Vouloir encourager le libéralisme économique ne signifie pas l’absence de régulation, bien au contraire. Il est important de développer des garde-fous et d’avoir une régulation qui ne soit pas une régulation de punition mais d’accompagnement.

La droite propose un choc de fiscalité, cela va dans le bon sens ?
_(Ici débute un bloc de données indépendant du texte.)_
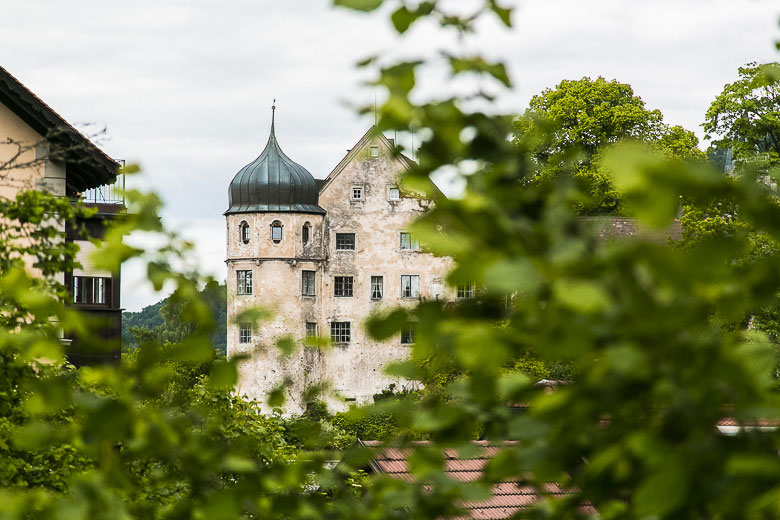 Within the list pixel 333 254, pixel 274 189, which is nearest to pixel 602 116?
pixel 333 254

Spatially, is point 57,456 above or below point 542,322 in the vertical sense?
below

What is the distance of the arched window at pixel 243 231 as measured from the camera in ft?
172

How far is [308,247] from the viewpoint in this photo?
52156 mm

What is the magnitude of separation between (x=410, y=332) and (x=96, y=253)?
0.54 meters

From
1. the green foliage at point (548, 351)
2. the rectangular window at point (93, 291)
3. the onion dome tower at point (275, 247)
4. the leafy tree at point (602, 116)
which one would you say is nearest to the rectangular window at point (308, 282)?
the onion dome tower at point (275, 247)

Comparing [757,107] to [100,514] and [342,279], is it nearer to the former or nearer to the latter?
[342,279]

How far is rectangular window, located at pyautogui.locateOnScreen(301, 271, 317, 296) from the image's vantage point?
51938mm

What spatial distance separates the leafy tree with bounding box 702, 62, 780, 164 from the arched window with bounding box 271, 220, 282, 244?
82.0 feet

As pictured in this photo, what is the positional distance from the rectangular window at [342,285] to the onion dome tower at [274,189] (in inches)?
137

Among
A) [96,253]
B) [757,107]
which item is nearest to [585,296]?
[96,253]

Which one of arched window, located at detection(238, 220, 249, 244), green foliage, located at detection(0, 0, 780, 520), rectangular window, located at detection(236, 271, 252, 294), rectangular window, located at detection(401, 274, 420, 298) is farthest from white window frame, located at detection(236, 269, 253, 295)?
green foliage, located at detection(0, 0, 780, 520)

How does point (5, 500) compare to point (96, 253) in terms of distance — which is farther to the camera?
point (96, 253)

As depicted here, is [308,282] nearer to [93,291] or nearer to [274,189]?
[274,189]

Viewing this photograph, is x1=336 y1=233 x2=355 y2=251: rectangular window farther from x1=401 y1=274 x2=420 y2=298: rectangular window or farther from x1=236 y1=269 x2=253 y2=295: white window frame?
x1=236 y1=269 x2=253 y2=295: white window frame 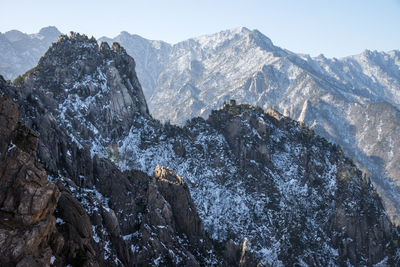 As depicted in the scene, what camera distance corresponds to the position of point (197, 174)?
479 ft

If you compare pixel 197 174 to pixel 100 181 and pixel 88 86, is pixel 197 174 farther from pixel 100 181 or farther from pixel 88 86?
pixel 100 181

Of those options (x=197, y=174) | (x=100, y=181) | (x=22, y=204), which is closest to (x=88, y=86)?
(x=197, y=174)

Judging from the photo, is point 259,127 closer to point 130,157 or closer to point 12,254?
point 130,157

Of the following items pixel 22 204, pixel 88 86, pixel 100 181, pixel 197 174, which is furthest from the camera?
pixel 88 86

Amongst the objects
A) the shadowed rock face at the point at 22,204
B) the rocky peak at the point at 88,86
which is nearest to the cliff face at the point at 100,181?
the rocky peak at the point at 88,86

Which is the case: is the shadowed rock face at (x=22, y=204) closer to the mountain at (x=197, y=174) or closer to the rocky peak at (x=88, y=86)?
the mountain at (x=197, y=174)

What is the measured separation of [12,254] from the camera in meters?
40.2

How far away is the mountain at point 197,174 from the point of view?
94625 millimetres

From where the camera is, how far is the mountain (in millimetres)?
94625

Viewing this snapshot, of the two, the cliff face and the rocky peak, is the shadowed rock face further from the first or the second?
the rocky peak

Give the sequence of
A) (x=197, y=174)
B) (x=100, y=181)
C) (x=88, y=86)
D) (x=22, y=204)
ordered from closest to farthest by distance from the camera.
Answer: (x=22, y=204), (x=100, y=181), (x=197, y=174), (x=88, y=86)

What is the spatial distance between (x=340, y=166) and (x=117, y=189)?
101971 mm

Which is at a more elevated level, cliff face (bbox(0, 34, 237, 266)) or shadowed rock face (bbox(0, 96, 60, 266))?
shadowed rock face (bbox(0, 96, 60, 266))

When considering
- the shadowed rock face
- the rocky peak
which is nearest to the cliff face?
the rocky peak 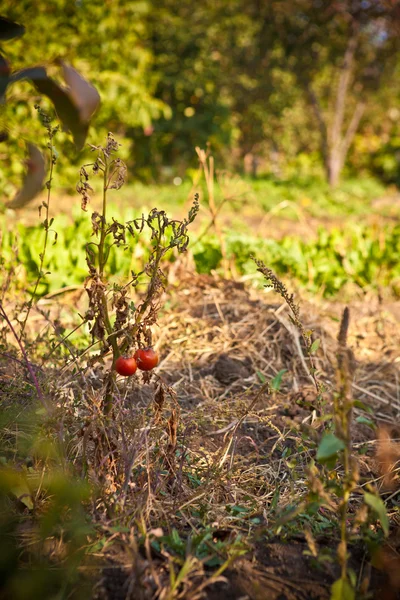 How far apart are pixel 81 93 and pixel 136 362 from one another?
0.61 m

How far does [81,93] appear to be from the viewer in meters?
1.01

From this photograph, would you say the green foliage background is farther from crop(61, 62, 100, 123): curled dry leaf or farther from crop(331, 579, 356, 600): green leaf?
crop(331, 579, 356, 600): green leaf

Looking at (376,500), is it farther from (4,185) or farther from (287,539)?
(4,185)

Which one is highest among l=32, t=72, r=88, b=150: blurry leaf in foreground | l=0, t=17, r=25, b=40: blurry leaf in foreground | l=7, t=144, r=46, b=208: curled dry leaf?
l=0, t=17, r=25, b=40: blurry leaf in foreground

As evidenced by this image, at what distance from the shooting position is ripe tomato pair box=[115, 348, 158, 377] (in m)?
1.31

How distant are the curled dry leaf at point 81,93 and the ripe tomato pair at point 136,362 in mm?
532

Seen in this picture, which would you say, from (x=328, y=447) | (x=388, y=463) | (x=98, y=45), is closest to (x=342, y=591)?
(x=328, y=447)

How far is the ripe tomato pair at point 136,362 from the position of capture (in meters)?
1.31

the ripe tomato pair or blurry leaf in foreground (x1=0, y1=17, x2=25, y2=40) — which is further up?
blurry leaf in foreground (x1=0, y1=17, x2=25, y2=40)

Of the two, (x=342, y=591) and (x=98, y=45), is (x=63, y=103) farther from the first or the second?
(x=98, y=45)

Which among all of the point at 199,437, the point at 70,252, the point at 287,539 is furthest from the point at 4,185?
the point at 287,539

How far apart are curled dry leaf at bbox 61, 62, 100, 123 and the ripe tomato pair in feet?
1.75

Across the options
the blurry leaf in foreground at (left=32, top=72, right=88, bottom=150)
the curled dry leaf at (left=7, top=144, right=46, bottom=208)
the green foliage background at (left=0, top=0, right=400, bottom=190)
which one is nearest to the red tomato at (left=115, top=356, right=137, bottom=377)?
the curled dry leaf at (left=7, top=144, right=46, bottom=208)

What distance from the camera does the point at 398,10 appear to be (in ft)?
36.8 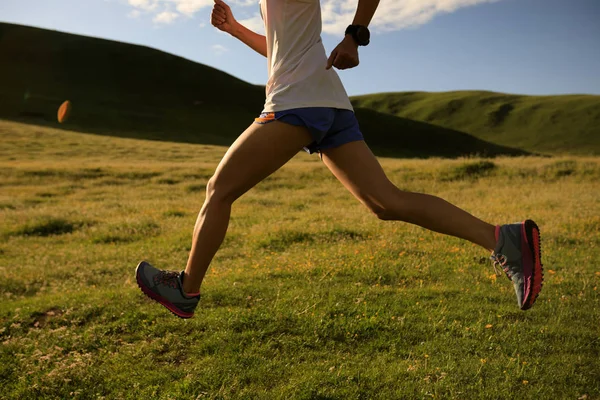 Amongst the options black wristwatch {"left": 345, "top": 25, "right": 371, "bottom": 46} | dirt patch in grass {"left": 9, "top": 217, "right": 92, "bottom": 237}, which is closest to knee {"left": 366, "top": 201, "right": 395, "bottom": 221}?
black wristwatch {"left": 345, "top": 25, "right": 371, "bottom": 46}

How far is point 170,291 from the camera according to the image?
152 inches

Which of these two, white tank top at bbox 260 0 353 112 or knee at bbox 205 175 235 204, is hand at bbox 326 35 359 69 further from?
knee at bbox 205 175 235 204

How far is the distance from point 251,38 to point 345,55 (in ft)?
4.91

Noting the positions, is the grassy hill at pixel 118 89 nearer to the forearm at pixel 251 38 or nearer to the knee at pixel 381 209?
the forearm at pixel 251 38

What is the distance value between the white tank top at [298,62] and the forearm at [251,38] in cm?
87

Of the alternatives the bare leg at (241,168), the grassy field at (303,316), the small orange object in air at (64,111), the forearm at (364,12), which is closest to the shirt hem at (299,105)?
the bare leg at (241,168)

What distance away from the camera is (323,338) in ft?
15.9

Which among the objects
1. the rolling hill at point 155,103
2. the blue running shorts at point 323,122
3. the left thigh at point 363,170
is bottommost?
the left thigh at point 363,170

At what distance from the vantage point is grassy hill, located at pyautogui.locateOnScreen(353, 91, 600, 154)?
9894cm

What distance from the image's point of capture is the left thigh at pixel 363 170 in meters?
3.88

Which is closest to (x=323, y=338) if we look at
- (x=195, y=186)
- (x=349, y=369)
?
(x=349, y=369)

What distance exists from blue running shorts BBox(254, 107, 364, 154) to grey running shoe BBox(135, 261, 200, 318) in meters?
1.33

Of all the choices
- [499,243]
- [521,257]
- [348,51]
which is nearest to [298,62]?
[348,51]

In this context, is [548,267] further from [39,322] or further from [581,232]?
[39,322] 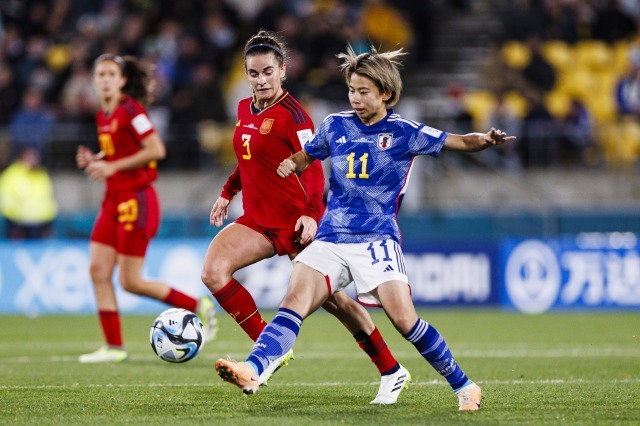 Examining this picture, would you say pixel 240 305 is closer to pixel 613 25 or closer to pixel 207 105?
pixel 207 105

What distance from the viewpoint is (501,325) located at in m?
13.9

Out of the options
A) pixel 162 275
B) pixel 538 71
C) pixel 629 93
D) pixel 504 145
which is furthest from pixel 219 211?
pixel 538 71

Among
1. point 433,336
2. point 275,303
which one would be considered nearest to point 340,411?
point 433,336

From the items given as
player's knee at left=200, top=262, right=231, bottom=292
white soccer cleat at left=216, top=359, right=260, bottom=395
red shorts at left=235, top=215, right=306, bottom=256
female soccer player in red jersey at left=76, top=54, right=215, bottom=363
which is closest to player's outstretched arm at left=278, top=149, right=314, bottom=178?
red shorts at left=235, top=215, right=306, bottom=256

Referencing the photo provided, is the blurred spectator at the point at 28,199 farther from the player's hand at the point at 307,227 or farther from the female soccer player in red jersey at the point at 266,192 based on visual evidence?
the player's hand at the point at 307,227

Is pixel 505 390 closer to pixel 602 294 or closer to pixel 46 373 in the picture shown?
pixel 46 373

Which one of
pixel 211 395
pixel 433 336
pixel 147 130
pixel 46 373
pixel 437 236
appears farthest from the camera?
pixel 437 236

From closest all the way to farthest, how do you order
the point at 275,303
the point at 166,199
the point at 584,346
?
the point at 584,346
the point at 275,303
the point at 166,199

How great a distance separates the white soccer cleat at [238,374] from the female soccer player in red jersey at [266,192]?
132 cm

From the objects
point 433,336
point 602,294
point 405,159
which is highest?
point 405,159

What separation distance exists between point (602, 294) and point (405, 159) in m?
10.1

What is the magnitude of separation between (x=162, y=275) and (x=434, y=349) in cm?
1041

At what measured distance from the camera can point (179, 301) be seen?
10125mm

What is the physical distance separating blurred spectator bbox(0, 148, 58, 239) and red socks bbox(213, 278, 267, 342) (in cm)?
1064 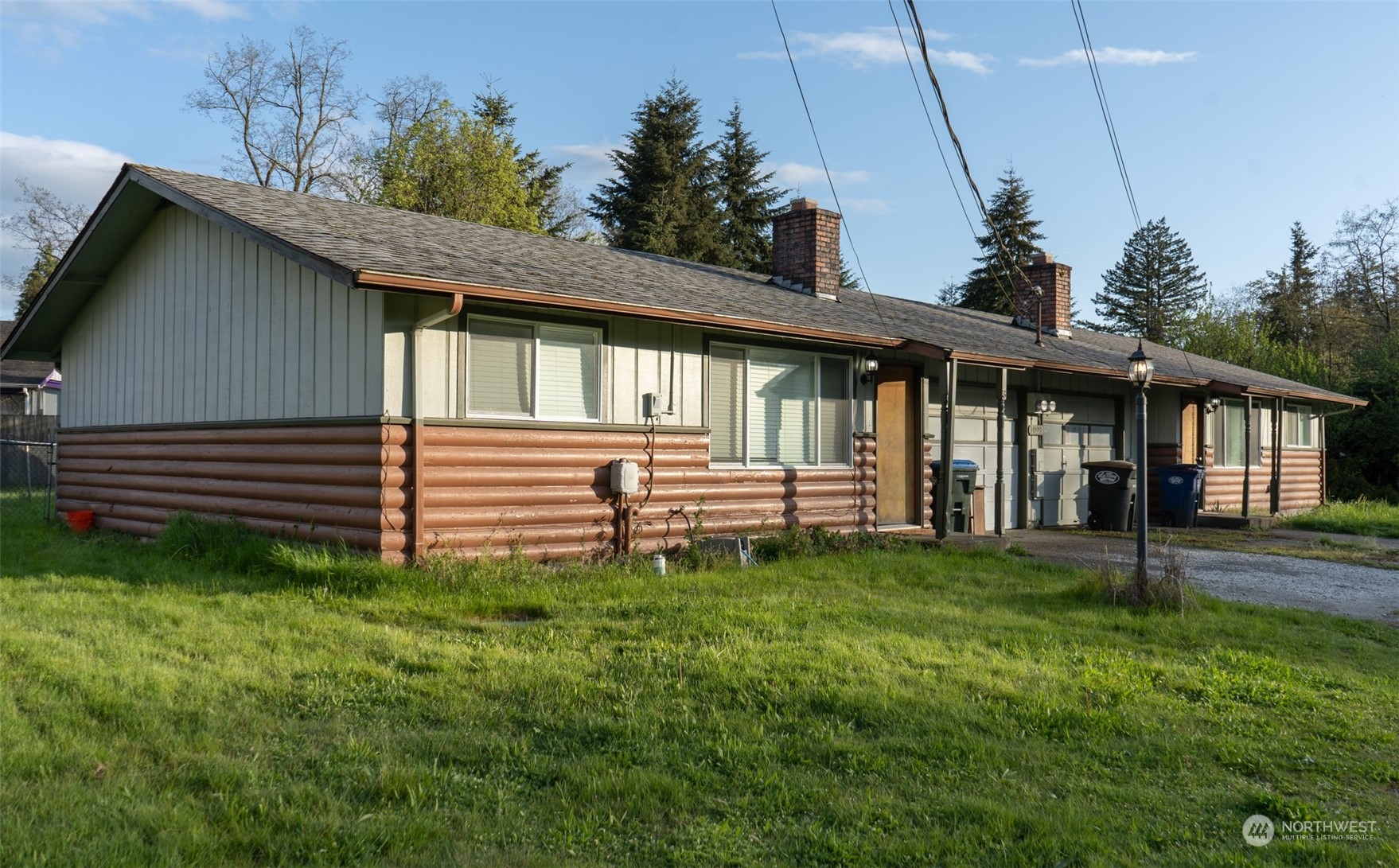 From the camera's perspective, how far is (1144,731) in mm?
5355

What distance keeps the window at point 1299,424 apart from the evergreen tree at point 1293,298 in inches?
884

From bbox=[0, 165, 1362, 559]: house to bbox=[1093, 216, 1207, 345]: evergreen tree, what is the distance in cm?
4369

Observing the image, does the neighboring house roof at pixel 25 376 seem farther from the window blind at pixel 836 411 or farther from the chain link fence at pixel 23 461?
the window blind at pixel 836 411

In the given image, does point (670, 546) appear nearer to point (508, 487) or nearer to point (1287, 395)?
Result: point (508, 487)

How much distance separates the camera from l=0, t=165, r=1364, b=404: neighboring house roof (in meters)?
9.19

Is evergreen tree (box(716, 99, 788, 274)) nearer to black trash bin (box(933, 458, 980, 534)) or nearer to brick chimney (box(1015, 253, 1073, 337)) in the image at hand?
brick chimney (box(1015, 253, 1073, 337))

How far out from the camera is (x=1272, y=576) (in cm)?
1180

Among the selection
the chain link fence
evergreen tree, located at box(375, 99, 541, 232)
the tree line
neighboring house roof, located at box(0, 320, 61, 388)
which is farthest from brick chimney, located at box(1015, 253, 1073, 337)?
neighboring house roof, located at box(0, 320, 61, 388)

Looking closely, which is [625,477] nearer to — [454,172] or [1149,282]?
[454,172]

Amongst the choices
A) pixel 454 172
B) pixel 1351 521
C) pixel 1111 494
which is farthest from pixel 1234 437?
pixel 454 172

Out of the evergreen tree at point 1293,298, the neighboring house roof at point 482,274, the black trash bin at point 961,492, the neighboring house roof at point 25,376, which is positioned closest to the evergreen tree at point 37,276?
the neighboring house roof at point 25,376

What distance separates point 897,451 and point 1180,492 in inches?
274

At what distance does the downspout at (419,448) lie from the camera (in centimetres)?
906

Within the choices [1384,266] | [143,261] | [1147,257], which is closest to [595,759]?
[143,261]
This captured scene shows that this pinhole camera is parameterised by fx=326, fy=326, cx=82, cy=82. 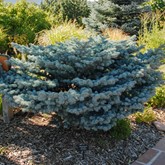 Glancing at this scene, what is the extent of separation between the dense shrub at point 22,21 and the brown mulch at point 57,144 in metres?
3.60

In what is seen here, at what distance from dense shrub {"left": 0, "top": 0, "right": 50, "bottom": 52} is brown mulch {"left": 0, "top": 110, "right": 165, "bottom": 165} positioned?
3599mm

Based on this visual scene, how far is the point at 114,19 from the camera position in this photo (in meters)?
9.59

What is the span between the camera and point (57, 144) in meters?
3.47

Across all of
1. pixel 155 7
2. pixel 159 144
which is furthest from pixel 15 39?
pixel 155 7

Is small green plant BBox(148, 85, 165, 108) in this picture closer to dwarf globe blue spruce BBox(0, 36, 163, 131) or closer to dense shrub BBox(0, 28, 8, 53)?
dwarf globe blue spruce BBox(0, 36, 163, 131)

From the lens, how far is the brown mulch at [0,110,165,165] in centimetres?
325

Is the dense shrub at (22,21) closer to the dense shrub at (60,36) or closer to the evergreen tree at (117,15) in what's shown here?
the dense shrub at (60,36)

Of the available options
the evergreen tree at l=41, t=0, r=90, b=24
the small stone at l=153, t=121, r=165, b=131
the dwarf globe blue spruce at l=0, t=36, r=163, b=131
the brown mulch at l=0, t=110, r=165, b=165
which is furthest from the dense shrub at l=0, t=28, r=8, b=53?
the evergreen tree at l=41, t=0, r=90, b=24

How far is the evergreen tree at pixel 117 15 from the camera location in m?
9.52

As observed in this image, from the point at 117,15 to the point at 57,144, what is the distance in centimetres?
689

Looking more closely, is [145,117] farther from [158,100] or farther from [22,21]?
[22,21]

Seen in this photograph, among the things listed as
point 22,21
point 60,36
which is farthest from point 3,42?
point 60,36

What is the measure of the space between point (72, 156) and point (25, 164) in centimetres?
48

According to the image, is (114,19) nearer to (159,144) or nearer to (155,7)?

Absolument, nous ne pouvons pas continuer avec une fiscalité aussi élevée tant pour les entreprises que pour les ménages. La baisse des impôts de production qui impactent les entreprises quel que soit le niveau de marge est une nécessité pour redonner aux entreprises de la compétitivité. Les impôts de production sont déconnectés des performances économiques des entreprises ce qui est absurde. Dans le cadre du plan de relance une baisse de 10Mds d’euros a été décidée, ce qui est une bonne mesure. Mais il faudrait aller plus loin. Car le niveau des impôts de production restera au-dessus de la moyenne européenne représentant 3,1% du PIB en France contre 1,2% dans la zone euro. Pour réellement participer à la réindustrialisation de la France, on voit donc qu’il y a encore du chemin à parcourir à tel point que ce sujet s’invite dans la campagne présidentielle. Pour ramener ces impôts au niveau européen il faudrait une baisse de 33 milliards d’euros ; avec une telle baisse ce serait 750.000 emplois créés et une spirale vertueuse de hausse du rendement d’IR, de TVA, de cotisations sociales et de baisse des dépenses liées au chômage. Car n’oublions pas que baisser les impôts de production, ce n’est pas faire un cadeau aux riches ou aux patrons comme on l’entend parfois, c’est avant tout redonner de la compétitivité aux entreprises et in fine, dans la majeure partie des cas, du pouvoir d’achat aux salariés. Enfin dans la politique qui est actuellement menée, on peut relever que la contribution sociale de solidarité des sociétés, la C3S, n’a pas fait l’objet de réforme importante alors même qu’elle taxe le chiffre d’affaires des grandes entreprises et peut donc les pénaliser dans leurs exportations. A l’heure où notre balance commerciale a atteint un déficit supérieur à 85 milliards d’euros en 2021, une politique économique ambitieuse pour le commerce extérieur fait défaut. Et puis la transformation du CICE en baisse de charges patronales a été positive mais se concentre sur les bas salaires uniquement. Les cotisations des employeurs représentent tout de même 10,8% du PIB en 2020 en France contre 8,1% du PIB en moyenne dans la zone euro.

Mais quid du financement de ces mesures ?

Bien sûr se posera l’épineuse question du financement de ces mesures. Si la baisse de la fiscalité des entreprises est un sujet prégnant à l’aune de la campagne présidentielle, la diminution de la dette publique est un enjeu tout aussi crucial. Malheureusement après le Covid, la guerre en Ukraine va contribuer à occulter cette question. Pourtant avec une dette publique qui atteint près de 115% du PIB et une dépense publique représentant 60% du PIB en 2021, on est en droit de se demander quelles seront les marges de manœuvre du futur Président et de son gouvernement pour alléger la fiscalité des entreprises tout en préservant les comptes publics ?

Au fond, le sujet n’est pas tant de baisser tel impôt ou de supprimer tel autre, mais plutôt de repenser notre modèle et de trouver un système plus juste. Il faudra donc un jour se poser la question du système dans son ensemble.